* INPUT *
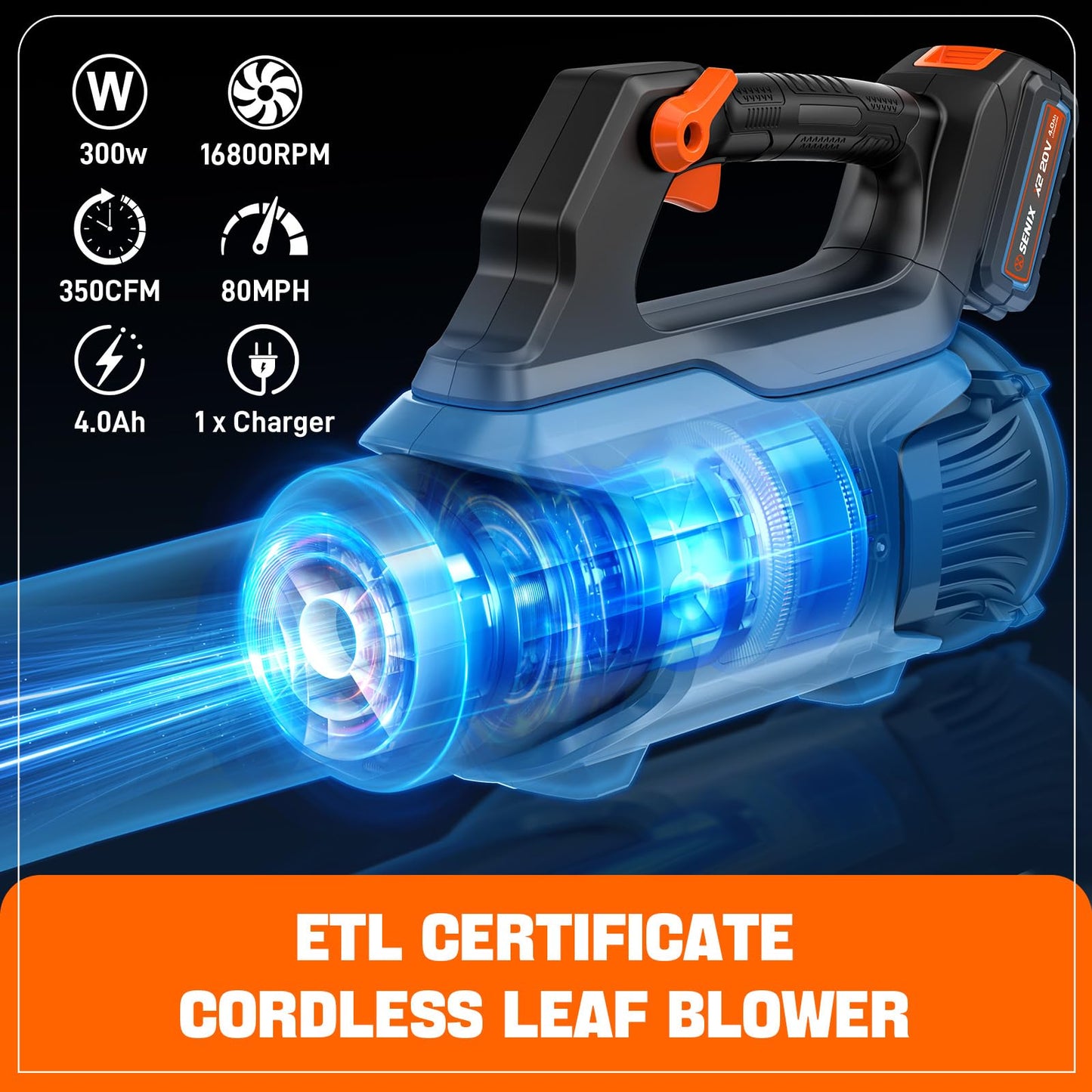 SENIX X2 20 Volt Max* 3-Piece Cordless Power Tool Combo Kit with Battery Powered 10" String Trimmer, Variable Speed Leaf Blower, 21" Hedge Trimmer, Includes 2 Batteries & Battery Charger (S2K3B2-01)
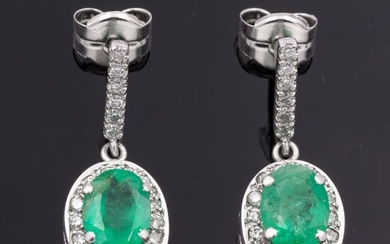 18 kt. White gold - Earrings - 1.64 ct Emerald - Diamonds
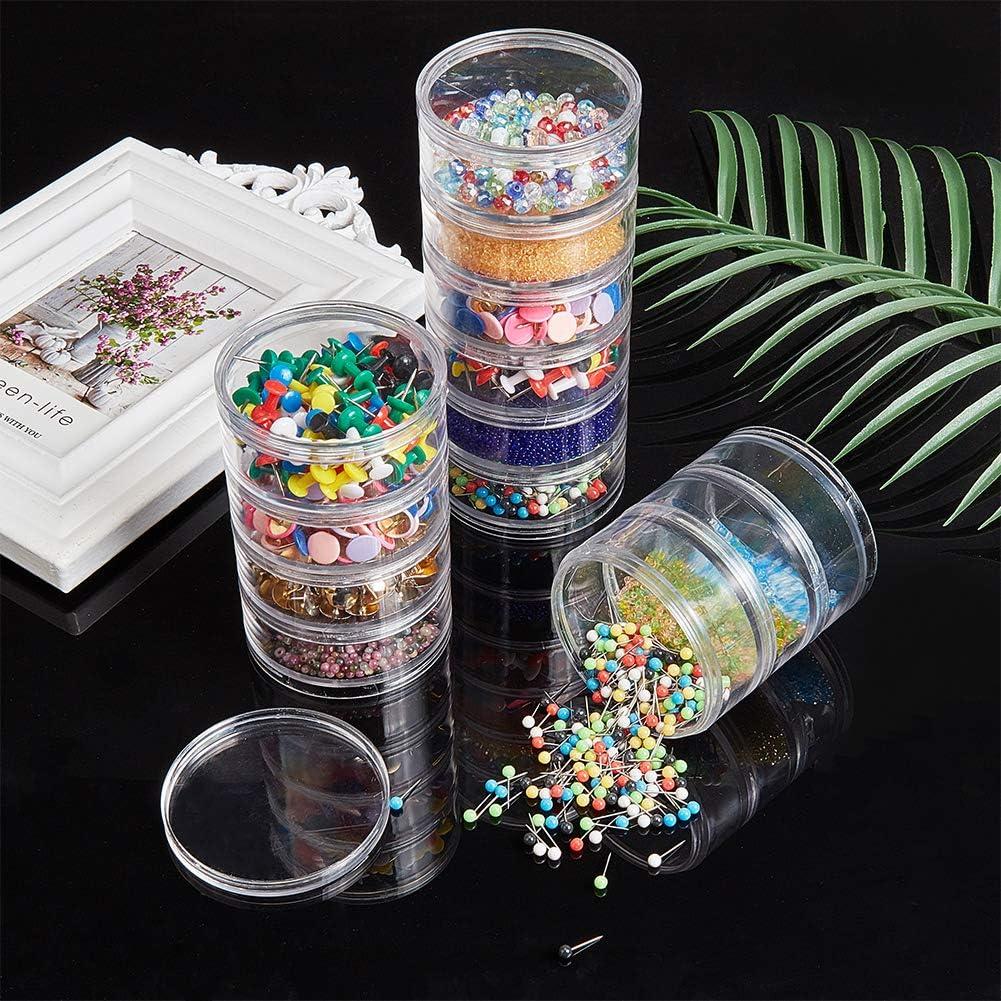 BENECREAT 60ML Stackable Round Plastic Containers 4 Column(5 Layer/Column) Bead Storage Jars for Beads, Buttons, Crafts and Small Findings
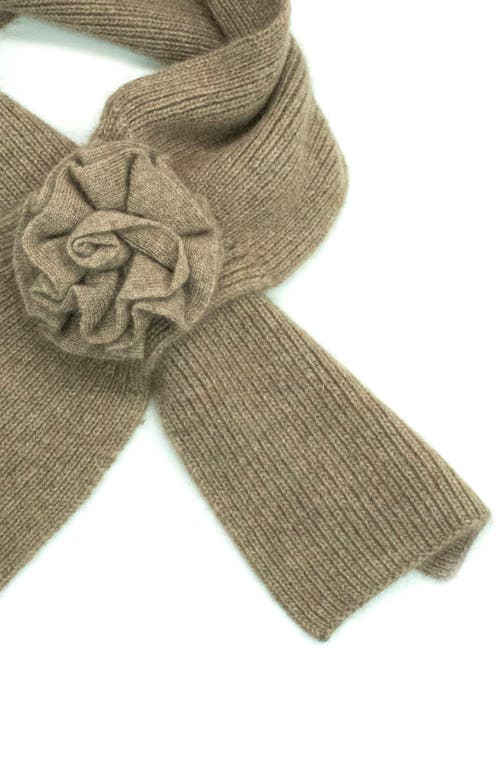 Portolano Cashmere Loop Scarf With Flower In Brown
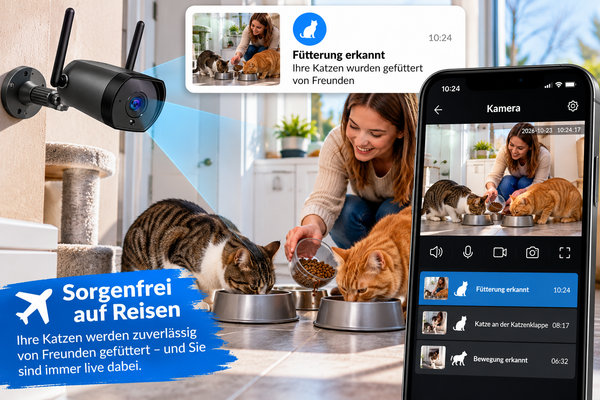 Überwachungskamera mit Einzelbild-Aufnahmen. WO IST MEINE KATZE? (Hund, Kind etc.) – EIN BLICK IN DIE APP, UND DU SIEHST, OB SIE DA WAR!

* PROBLEM *
Word for word, reproduce each line from the one with "Portolano Cashmere Loop" through the last line of the material above, both included, and drop the pictures.

* ANSWER FOR THE TASK *
 Portolano Cashmere Loop Scarf With Flower In Brown
 Überwachungskamera mit Einzelbild-Aufnahmen. WO IST MEINE KATZE? (Hund, Kind etc.) – EIN BLICK IN DIE APP, UND DU SIEHST, OB SIE DA WAR!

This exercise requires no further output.